[Opening DATASET EXTRACT section]

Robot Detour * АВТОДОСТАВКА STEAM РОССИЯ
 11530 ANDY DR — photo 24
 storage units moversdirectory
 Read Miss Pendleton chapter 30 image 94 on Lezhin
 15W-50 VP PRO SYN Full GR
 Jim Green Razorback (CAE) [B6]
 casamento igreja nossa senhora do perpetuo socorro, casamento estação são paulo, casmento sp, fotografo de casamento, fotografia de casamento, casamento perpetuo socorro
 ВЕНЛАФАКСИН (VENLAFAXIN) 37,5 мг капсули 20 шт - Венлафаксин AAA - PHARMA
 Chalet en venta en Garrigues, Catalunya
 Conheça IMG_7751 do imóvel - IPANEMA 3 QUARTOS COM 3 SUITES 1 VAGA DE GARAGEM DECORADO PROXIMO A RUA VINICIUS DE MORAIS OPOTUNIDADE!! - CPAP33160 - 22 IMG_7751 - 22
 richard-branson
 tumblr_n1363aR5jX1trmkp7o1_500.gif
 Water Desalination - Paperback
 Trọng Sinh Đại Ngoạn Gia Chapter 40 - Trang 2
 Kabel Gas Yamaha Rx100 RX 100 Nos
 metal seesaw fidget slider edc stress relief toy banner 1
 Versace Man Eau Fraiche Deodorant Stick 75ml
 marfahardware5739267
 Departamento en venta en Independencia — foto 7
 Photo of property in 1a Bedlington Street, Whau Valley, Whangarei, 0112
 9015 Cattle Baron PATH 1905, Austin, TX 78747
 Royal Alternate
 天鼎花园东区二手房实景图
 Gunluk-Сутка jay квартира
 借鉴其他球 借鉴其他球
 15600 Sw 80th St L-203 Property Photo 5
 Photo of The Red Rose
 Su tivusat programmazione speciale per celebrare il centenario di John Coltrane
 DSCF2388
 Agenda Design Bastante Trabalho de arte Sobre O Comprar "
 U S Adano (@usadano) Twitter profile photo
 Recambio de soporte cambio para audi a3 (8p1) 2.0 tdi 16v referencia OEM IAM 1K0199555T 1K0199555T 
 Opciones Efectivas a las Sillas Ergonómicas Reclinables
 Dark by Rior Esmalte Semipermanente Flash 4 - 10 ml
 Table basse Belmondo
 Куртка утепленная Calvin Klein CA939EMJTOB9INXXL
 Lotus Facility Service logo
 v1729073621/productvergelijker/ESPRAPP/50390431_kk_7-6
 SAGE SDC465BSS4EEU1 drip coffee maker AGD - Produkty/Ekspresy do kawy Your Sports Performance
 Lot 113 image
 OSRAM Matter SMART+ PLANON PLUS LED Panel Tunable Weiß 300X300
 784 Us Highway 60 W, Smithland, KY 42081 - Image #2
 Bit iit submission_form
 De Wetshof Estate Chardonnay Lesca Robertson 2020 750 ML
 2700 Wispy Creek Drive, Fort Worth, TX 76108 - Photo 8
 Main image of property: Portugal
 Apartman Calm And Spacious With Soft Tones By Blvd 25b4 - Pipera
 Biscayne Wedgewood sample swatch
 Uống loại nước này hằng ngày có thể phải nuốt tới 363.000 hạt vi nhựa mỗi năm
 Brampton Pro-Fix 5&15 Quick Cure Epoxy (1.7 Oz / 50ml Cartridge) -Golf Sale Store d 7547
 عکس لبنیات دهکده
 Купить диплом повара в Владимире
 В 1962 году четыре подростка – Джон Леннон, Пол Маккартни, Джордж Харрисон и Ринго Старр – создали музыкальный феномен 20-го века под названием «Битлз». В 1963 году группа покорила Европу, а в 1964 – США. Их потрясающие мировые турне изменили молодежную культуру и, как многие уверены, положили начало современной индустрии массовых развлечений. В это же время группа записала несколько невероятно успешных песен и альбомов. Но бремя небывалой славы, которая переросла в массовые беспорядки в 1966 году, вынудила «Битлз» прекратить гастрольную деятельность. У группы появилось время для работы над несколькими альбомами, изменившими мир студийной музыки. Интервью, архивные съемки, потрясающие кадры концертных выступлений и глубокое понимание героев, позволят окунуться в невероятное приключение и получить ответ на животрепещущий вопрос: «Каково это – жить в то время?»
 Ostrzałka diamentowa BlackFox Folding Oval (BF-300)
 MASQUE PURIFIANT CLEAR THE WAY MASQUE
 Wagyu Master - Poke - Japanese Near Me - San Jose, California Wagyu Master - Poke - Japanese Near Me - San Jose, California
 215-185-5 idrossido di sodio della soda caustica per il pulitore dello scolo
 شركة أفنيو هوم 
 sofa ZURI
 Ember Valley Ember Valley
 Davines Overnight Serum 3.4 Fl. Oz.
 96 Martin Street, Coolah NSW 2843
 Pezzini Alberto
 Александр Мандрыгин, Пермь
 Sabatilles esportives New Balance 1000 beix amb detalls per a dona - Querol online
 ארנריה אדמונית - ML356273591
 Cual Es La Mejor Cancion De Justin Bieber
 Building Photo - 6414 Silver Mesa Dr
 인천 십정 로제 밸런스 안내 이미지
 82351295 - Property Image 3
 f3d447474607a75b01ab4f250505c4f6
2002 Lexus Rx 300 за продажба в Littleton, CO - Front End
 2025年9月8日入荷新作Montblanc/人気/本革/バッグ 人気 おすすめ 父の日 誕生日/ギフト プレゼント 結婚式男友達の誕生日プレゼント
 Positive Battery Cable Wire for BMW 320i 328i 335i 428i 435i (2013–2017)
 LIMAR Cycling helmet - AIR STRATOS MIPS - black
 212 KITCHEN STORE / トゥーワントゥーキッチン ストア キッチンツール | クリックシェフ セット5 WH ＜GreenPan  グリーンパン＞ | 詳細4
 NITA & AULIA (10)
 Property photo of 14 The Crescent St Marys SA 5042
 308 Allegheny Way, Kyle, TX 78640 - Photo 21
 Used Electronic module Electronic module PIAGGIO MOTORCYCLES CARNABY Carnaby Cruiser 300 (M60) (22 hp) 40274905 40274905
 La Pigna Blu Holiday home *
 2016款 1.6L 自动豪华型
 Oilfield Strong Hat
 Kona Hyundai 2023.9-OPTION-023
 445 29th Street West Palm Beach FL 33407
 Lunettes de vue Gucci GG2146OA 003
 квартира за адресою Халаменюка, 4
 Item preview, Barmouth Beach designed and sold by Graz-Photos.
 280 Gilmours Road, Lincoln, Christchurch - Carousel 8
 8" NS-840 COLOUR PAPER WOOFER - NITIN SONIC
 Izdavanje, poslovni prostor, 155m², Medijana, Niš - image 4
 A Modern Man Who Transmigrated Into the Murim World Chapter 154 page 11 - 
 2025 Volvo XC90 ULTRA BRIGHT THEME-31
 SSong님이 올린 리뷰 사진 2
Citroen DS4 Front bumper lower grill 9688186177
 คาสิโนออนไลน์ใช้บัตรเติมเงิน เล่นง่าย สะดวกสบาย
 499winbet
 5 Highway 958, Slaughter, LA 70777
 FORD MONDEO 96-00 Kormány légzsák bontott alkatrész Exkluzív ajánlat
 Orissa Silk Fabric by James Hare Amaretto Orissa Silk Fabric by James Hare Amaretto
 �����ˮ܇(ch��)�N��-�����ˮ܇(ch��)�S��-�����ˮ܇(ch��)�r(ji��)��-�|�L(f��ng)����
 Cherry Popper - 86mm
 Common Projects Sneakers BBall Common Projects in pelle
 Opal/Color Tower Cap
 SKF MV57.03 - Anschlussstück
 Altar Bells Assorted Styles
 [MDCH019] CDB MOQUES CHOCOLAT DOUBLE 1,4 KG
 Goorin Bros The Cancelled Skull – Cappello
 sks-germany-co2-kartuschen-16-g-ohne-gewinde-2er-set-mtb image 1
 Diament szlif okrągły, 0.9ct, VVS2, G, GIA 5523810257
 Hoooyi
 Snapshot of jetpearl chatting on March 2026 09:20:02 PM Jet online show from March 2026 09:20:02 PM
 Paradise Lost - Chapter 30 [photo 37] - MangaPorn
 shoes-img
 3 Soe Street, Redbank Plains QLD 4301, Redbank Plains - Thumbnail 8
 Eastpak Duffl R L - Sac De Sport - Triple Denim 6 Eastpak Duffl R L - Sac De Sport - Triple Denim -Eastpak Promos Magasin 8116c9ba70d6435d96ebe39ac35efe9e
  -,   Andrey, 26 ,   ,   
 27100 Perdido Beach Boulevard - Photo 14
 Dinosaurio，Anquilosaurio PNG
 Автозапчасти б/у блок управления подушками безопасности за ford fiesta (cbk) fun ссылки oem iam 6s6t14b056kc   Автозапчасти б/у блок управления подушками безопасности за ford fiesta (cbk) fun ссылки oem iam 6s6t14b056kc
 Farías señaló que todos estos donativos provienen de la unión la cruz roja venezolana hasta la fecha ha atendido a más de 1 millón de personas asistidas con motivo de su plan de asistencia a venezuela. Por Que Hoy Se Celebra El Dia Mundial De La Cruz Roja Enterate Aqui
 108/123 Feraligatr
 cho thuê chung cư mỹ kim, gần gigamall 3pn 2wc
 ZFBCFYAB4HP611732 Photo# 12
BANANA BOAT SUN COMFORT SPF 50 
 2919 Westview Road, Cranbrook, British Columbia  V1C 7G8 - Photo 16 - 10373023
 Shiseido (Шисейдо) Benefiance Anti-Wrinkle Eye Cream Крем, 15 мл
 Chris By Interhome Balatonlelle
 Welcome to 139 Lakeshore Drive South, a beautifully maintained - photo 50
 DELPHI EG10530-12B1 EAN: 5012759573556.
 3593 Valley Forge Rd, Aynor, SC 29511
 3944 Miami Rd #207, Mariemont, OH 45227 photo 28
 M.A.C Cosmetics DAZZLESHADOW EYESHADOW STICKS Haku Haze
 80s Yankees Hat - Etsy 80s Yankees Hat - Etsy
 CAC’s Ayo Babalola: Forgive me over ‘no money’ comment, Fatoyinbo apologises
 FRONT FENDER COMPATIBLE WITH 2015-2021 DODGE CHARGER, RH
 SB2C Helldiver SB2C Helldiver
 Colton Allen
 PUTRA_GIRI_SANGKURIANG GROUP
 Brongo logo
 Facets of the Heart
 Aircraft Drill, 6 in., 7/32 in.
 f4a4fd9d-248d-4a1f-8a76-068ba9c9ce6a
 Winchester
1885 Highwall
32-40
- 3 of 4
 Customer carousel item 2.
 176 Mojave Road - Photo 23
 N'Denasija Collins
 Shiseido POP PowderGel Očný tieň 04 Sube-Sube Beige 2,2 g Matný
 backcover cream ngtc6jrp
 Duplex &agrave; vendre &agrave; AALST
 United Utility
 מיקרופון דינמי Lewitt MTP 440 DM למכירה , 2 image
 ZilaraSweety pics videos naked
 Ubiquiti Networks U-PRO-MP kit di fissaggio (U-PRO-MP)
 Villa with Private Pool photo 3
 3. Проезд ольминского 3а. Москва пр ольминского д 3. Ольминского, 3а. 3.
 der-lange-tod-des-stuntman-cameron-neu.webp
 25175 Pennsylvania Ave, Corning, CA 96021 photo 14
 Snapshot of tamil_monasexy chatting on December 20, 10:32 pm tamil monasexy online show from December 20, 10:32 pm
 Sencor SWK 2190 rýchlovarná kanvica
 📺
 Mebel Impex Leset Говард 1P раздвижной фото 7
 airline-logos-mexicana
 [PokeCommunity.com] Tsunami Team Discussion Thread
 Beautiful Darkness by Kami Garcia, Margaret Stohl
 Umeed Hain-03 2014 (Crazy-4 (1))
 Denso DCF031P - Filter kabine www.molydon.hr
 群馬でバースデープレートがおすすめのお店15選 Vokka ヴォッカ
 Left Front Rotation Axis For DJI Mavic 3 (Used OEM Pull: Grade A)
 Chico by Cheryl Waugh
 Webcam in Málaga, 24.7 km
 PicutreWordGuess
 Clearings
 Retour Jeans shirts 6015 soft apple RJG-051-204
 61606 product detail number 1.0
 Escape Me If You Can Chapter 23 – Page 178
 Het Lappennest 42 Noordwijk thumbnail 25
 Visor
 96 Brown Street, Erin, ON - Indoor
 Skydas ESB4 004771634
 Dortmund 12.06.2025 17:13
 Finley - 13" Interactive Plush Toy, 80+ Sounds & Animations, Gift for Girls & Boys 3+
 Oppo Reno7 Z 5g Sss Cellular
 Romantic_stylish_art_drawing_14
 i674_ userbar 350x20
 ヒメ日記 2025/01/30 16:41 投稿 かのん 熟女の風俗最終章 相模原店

[Closing DATASET EXTRACT section]

■ **REQUIRED WORK**
A word-for-word copy of the entries, from the first line through the line containing "Kabel Gas Yamaha Rx100 RX 100 Nos", is the whole answer.

■ **RESPONSE TO THIS TASK**
Robot Detour * АВТОДОСТАВКА STEAM РОССИЯ
 11530 ANDY DR — photo 24
 storage units moversdirectory
 Read Miss Pendleton chapter 30 image 94 on Lezhin
 15W-50 VP PRO SYN Full GR
 Jim Green Razorback (CAE) [B6]
 casamento igreja nossa senhora do perpetuo socorro, casamento estação são paulo, casmento sp, fotografo de casamento, fotografia de casamento, casamento perpetuo socorro
 ВЕНЛАФАКСИН (VENLAFAXIN) 37,5 мг капсули 20 шт - Венлафаксин AAA - PHARMA
 Chalet en venta en Garrigues, Catalunya
 Conheça IMG_7751 do imóvel - IPANEMA 3 QUARTOS COM 3 SUITES 1 VAGA DE GARAGEM DECORADO PROXIMO A RUA VINICIUS DE MORAIS OPOTUNIDADE!! - CPAP33160 - 22 IMG_7751 - 22
 richard-branson
 tumblr_n1363aR5jX1trmkp7o1_500.gif
 Water Desalination - Paperback
 Trọng Sinh Đại Ngoạn Gia Chapter 40 - Trang 2
 Kabel Gas Yamaha Rx100 RX 100 Nos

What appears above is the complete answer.